→ WORK ORDER: Of the lines in the data below, write out exactly those from the one holding "Flatbed Truck-Light and" through the one holding "Đồng chí Nguyễn", both included.

→ DATA SECTION:
::::::::::

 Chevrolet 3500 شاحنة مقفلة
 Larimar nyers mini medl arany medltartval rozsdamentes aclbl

::::::::::

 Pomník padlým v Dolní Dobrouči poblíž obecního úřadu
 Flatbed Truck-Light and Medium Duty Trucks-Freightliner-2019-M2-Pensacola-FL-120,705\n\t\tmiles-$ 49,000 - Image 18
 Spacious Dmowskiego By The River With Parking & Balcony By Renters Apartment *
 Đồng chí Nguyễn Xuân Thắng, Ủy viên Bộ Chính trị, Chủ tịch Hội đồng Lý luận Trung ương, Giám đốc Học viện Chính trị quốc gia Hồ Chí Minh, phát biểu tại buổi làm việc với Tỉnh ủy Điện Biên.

::::::::::

→ ANSWER SECTION:
 Flatbed Truck-Light and Medium Duty Trucks-Freightliner-2019-M2-Pensacola-FL-120,705\n\t\tmiles-$ 49,000 - Image 18
 Spacious Dmowskiego By The River With Parking & Balcony By Renters Apartment *
 Đồng chí Nguyễn Xuân Thắng, Ủy viên Bộ Chính trị, Chủ tịch Hội đồng Lý luận Trung ương, Giám đốc Học viện Chính trị quốc gia Hồ Chí Minh, phát biểu tại buổi làm việc với Tỉnh ủy Điện Biên.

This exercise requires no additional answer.